De même, un faux serveur DNS fictifs (de type pot de miel) peut-être placé en entrée du réseau, il apportera aussi une indication d’un accès anormal dès le premier contact d’un hacker. Les leurres peuvent être aussi de faux serveurs de fichiers vont faire croire à l’attaquant qu’il a atteint des informations sensibles ; en choisissant des noms de fichiers de type « confidentiel » ou « secret ». On trouvera plus détail dans l’article de Wavestone sur les solutions de « Deceptive Technology » et dans l’article de eSecurity Planet ; certaines de ces solutions peuvent être installées aussi dans les environnements Cloud externes.

Diminuer le risque d’instruction avec la matrice du MITRE

C’est aussi limiter la possibilité d’une première intrusion.
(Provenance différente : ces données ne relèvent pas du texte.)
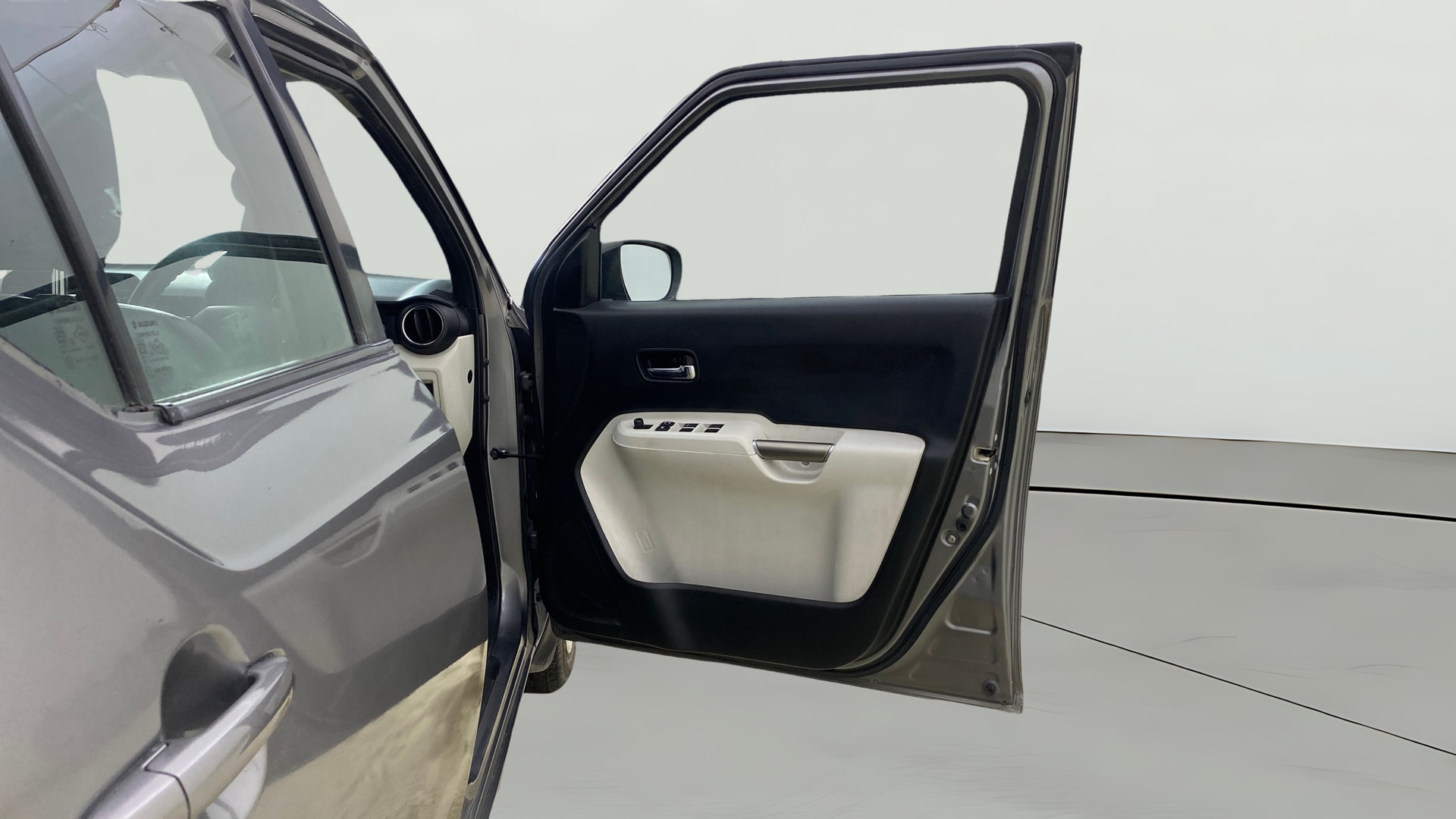 Used 2018 Maruti Suzuki 1000 Used 2018 Maruti Suzuki 1000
A partir de la matrice du MITRE ATT&CK®, certains proposent de réduire au maximum tous les risques identifiés dans les premières colonnes de la matrice. De plus, le MITRE a développé une nouvelle matrice spécifiquement dédiée à la prévention de la menace.

Noyer son infrastructure

L’idée est de distraire l’attaquant en le noyant dans une infrastructure dont il ne verrait pas « le bout » en rebondissant de serveurs virtuels en serveurs virtuels.

Concevoir des playbooks et mettre à jour les IOC

Il y a plusieurs possibilités de détecter un comportement anormal au sein de l’infrastructure ou encore d’accès illicite. L’une des actions qu’il faut mettre en place est la détection de scénarios d’attaque connus et partagés par les CERT aux équipes techniques en interne. Des fichiers anormalement modifiés, des séquences de commandes, de nouveaux paramètres, une modification de droits d’accès, … autant de séquence d’attaque à surveiller et à paramétrer pour y répondre rapidement après les avoir identifiés.
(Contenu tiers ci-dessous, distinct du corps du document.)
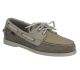 Sebago Docksides Portland JIB sage taupe camel 70014J0 977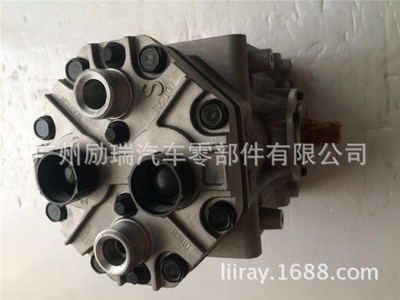 汽车空调压缩机 冷气泵12V/24V 全新优质适用于YORK 约克 210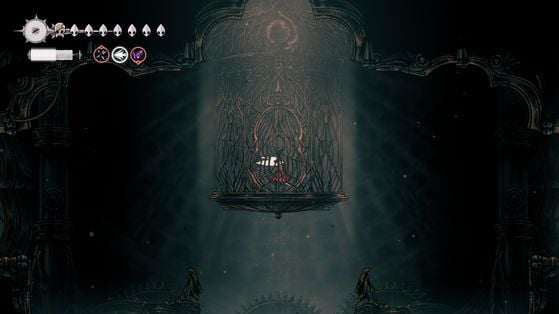 Hollow Knight : Silksong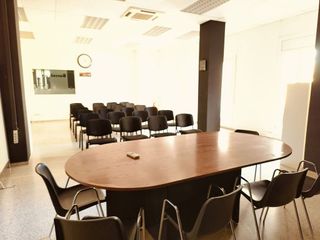 Oficina en alquiler en Centre en Rubí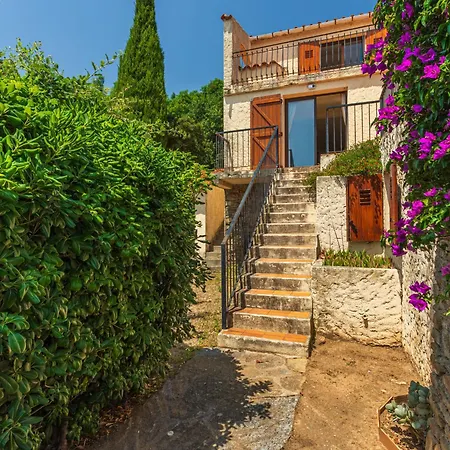 Maison Heliosa By Interhome Bormes-les-Mimosas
Il ne faut pas oublier que lorsqu’un nouveau playbook est publié par un CERT, le ou les organisations cybercriminelles qui l’utilisaient seront rapidement au courant. Ils suivent aussi l’actualité !! De fait, c’est avec une périodicité hebdomadaire qu’il faut vérifier si les CERT n’ont pas diffusé une mise à jour de ces informations et l’appliquer le plus rapidement possible. A titre d’exemple, les crypto-mineurs font très régulièrement des mises à jour de leurs attaques pour conserver un avantage et brouiller les pistes.

La protection des accès à l’Active Directory en tiers

On constate que les attaques convergent sur l’AD. Pour cela, Microsoft propose depuis 2008 de mettre en place une gestion en trois-tiers de cette infrastructure. Le récent guide l’ANSSI explique les différentes répartitions et règles de base qui permettront de limiter les accès au sein même de l’AD. Pour chaque tiers, il faut définir des restrictions d’accès et des privilèges spécifiques. Le principe est :

  • Tiers 0 de MS tout ce qui est relatif à l’AD (dont l’AD lui-même) et les comptes à privilèges,
  • Tiers 1 tout ce qui concerne les serveurs,
  • Tiers 2 tout ce qui concerne les postes de travail.

Il existe des solutions techniques qui vont permettre de contrôler la mise en place de cette nouvelle répartition de MS. Certains éditeurs proposent aussi de bonnes solutions : Tenable (ex Alsid) ou Pinkcastle ou encore Semperis.

Une sauvegarde efficace des données

C’est une évidence mais il ne faut pas oublier de tester ses sauvegardes. Il existe aussi une technologie appelée WORM (write once read many) qui est très efficace contre les attaques visant les sauvegardes.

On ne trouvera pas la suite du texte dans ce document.